#### Source material
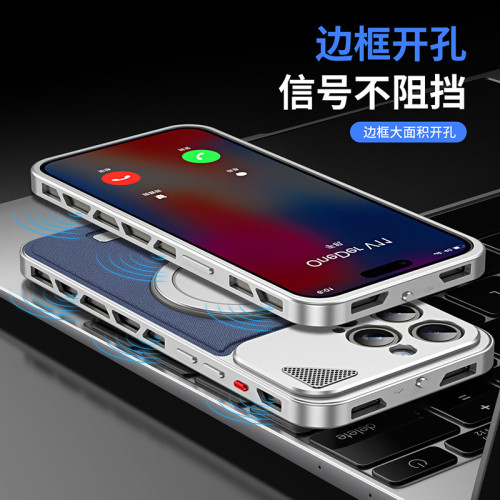 適用蘋果14promax金屬彈扣手機殼iPhone13Pro保護套皮革磁吸支架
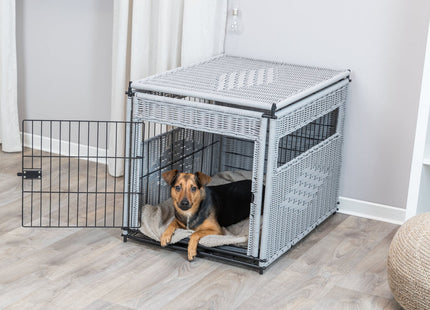 Trixie Home Kennel - Hundehaus Polyrattan hellgrau M
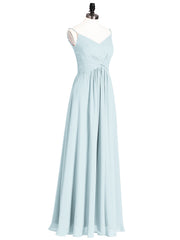 Empire Bridesmaid Gown with Spaghetti Strap-Mist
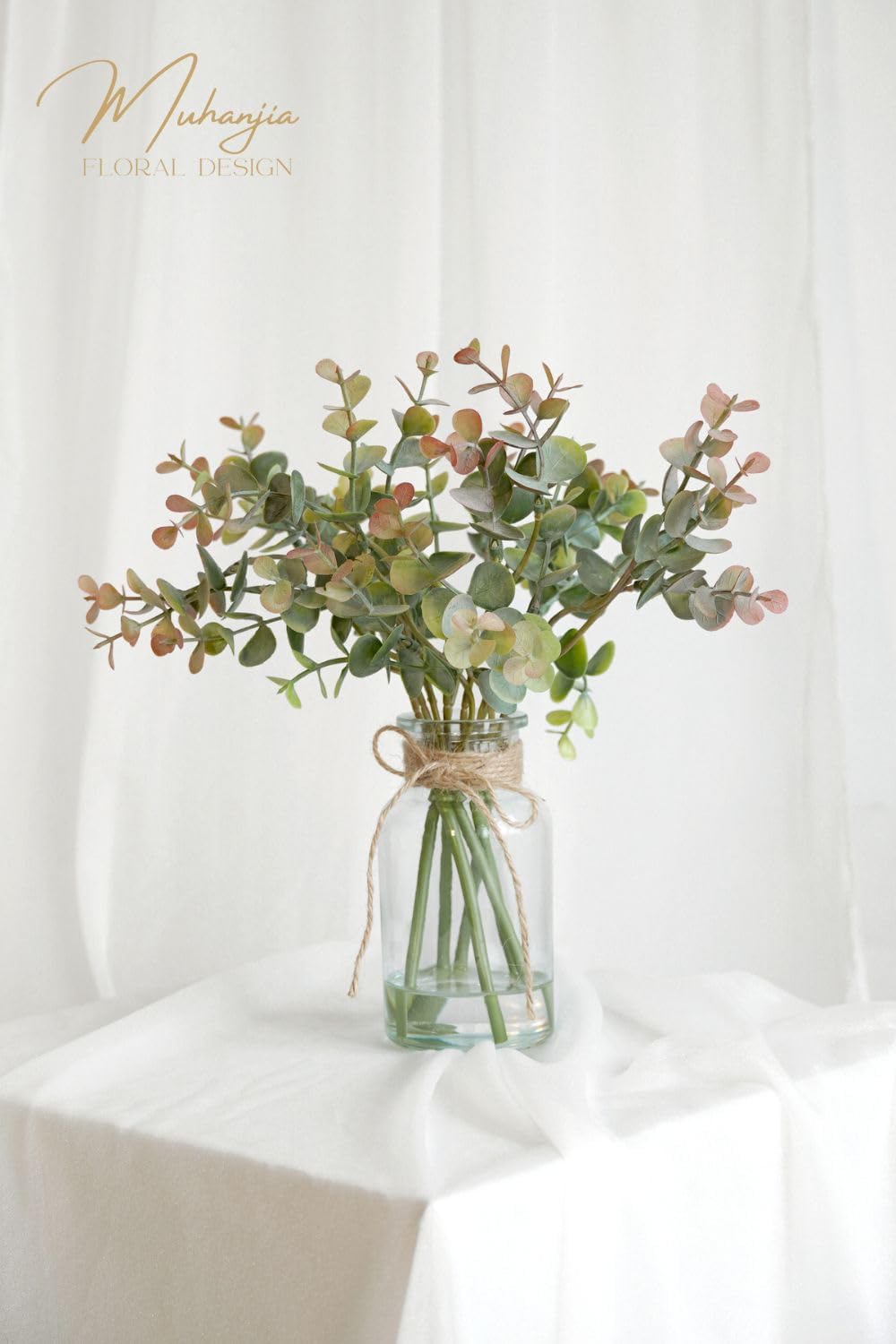Muhanjia Artificial Eucalyptus Stems in Glass Vase with Faux Water,3Pcs Fake Plant with Double-Sided Green Leaves for Centerpiece(Double-Sided Green Eucalyptus)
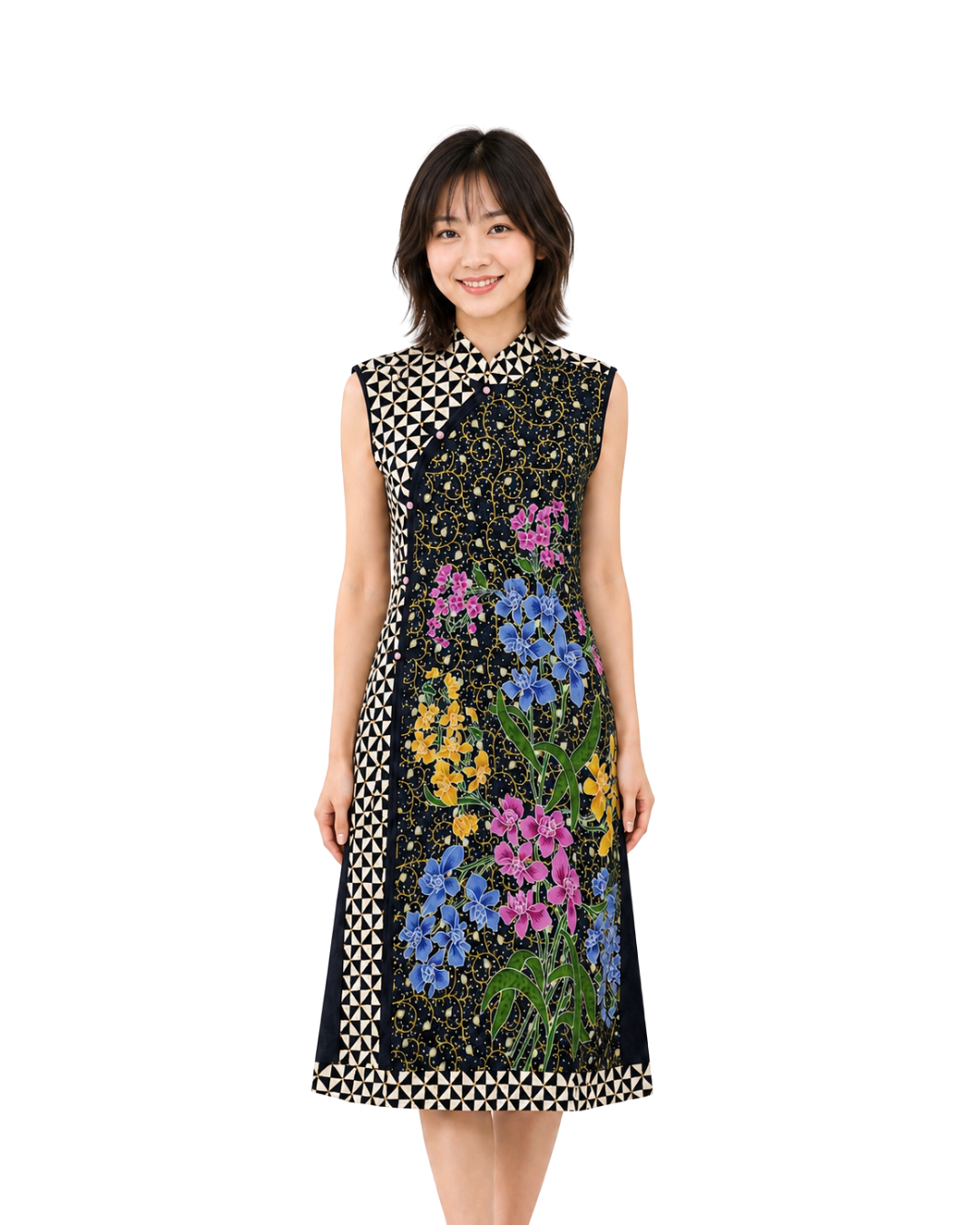 (DCD-OR-BLK) Orchid Black Cheongsam Dress
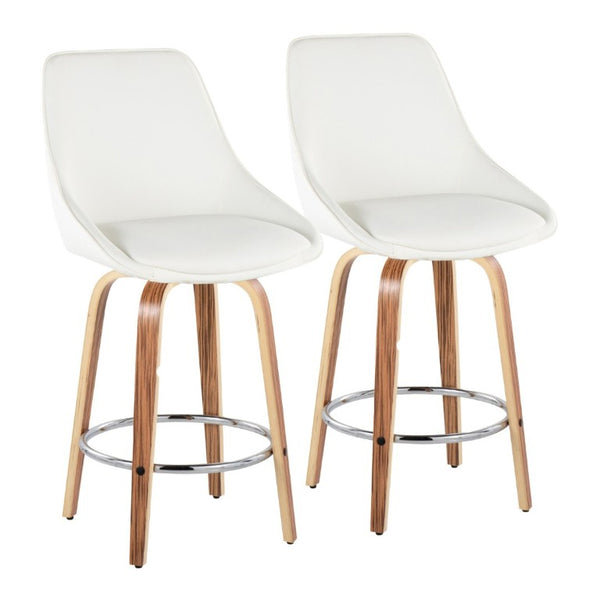 English Elm 26 Inch Zebra Wood Swivel Counter Stools with Faux Leather Seat and Chrome Footrest Set White B202S02233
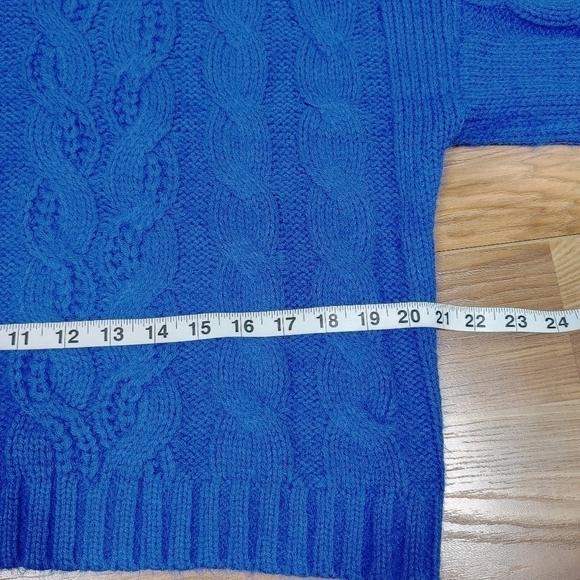 Sun + Moon Blue Turtleneck Cable Knit Sweater Size Large - Picture 4 of 9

#### Problem to work on
Please return only the lines from the one holding "(DCD-OR-BLK) Orchid Black Cheongsam Dress" through the end of the data, both ends included; do not copy any pictures.

#### Output below
 (DCD-OR-BLK) Orchid Black Cheongsam Dress
 English Elm 26 Inch Zebra Wood Swivel Counter Stools with Faux Leather Seat and Chrome Footrest Set White B202S02233
 Sun + Moon Blue Turtleneck Cable Knit Sweater Size Large - Picture 4 of 9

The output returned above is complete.